Dans un pays où 99 pour cent des fermiers possèdent entre un quart et deux hectares de terre et sont incapables d’acheter des pesticides et des engrais, l’agriculture biologique semble être la porte de sortie.

Le professeur Zeyaur Khan, un chercheur indien de l’ICEPE, est de cet avis. Pour accroître la productivité agricole, il a développé la "technologie push-pull", une technique pour lutter contre les insectes nuisibles. Une plante appelée desmodium "pousse" la mauvaise herbe striga et les foreurs de tiges hors du champ où ils sont "attirés" (neutralisés) par le napier, une herbe.

Kahn explique : "La révolution verte en Afrique passera par l’adoption de technologies à faible coût comme push-pull qui exploitent la science élémentaire et appliquée. Ces technologies règleront la sécurité alimentaire et les moyens de subsistance des petits fermiers sans nécessiter des ressources supplémentaires pour des semences hybrides, la protection des cultures et l’amélioration des sols".

Mais d’autres voient autrement. L’Alliance pour une révolution verte en Afrique (AGRA), une organisation non gouvernementale financée par les fondations Rockefeller et Bill Gates, fait la promotion des engrais et des semences pour produire rapidement plus de vivres.

"Mais si la production alimentaire augmente trop rapidement, dans deux ans, nous aurons trop de vivres et les prix baisseront", a affirmé Herren. "Nous avons besoin du contraire : pour que les agriculteurs obtiennent un revenu suffisant, les prix des produits agricoles doivent augmenter".

Kahn estime que les fermiers doivent gagner au moins deux dollars par jour pour rester dans l’agriculture – un revenu réalisable à travers la technique "push-pull".

Joan Kagwanja de l’AGRA a confirmé que son organisation "veut accroître l’utilisation des engrais en Afrique". Elle précise : "Sur ce continent, les fermiers utilisent huit kilogrammes d’engrais par hectare, contre 300 à 500 kg par hectare en Europe et en Amérique du nord. C’est toujours très faible".

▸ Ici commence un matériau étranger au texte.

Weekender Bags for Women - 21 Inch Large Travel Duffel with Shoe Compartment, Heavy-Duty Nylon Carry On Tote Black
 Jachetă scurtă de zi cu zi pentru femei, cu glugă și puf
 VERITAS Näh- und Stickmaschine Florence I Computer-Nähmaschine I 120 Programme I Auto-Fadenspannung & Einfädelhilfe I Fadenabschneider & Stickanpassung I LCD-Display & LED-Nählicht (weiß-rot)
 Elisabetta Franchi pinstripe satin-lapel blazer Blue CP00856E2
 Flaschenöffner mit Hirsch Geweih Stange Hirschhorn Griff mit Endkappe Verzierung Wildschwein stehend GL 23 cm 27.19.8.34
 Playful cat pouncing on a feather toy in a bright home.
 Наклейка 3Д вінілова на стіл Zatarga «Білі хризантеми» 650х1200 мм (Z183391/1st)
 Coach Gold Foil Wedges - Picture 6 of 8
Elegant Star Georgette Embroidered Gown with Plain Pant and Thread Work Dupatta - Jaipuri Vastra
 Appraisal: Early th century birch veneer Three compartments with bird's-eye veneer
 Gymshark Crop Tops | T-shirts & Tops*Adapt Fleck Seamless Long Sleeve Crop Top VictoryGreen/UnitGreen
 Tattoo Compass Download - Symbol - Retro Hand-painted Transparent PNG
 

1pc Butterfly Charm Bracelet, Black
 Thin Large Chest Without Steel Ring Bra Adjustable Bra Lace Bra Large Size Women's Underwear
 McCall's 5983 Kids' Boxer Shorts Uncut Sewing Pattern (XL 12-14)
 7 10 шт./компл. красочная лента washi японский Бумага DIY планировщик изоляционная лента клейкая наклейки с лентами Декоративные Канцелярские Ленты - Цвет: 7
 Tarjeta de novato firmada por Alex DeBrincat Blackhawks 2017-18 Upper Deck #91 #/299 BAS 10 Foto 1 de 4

Font-ils également la promotion des organismes génétiquement modifiés (OGM) ? "Je ne peux pas répondre par oui ou par non. Nous ne faisons pas la promotion de l’utilisation des OGM, mais de la technologie fondée sur la preuve. Nous appuyons la recherche pour augmenter la productivité. Nous ne sommes pas opposés aux OGM et nous aiderions les pays ou organisations qui demandent de l’aide dans ce domaine", a-t-elle répondu.

Mais Nick Nuttall, le porte-parole du Programme des Nations Unies pour l’environnement (PNUE) à Nairobi, a mis en garde contre une "approche selon laquelle une seule taille convient à tous dans l’agriculture". "L’on n’a pas à choisir entre la petite et la grande agriculture. Certes, l’agriculture durable ou biologique emploie plus de personnes que l’agriculture intensive.

"Dans le passé, l’agriculture biologique était considérée comme un luxe, non pas comme quelque chose pour les petits agriculteurs. Mais la productivité a augmenté : en Afrique de l’est, les rendements ont augmenté de 128 pour cent. L’agriculture biologique permet une meilleure rétention de l’eau et améliore la fertilité du sol. Nous devons être intelligents et ne pas déverser beaucoup de produits chimiques sur les sols fragiles d’Afrique".

Su Kahumbu, fondatrice de ’Green Dream Ltd’ qui promeut l’agriculture biologique, ajoute : "La demande pour les produits biologiques à Nairobi augmente. Elle permet un meilleur revenu pour les agriculteurs. Toutefois, le défi est d’ajouter de la valeur aux produits en les transformant en jus de fruits ou en confitures, par exemple".

Est-ce que son organisation cible le marché étranger ? "Notre responsabilité première c’est de nourrir la population du Kenya. L’exportation peut venir plus tard", a-t-elle répondu.

La décision des chefs d’Etat africains en 2000 d’allouer 10 pour cent du produit intérieur brut à l’agriculture n’a été mise en œuvre que par quatre pays, dit Herren.

"Cette question concerne la gouvernance, ici et de l’autre côté de l’océan". Il pense que le principal problème est que le monde occidental dépense un milliard de dollars par jour pour subventionner l’agriculture.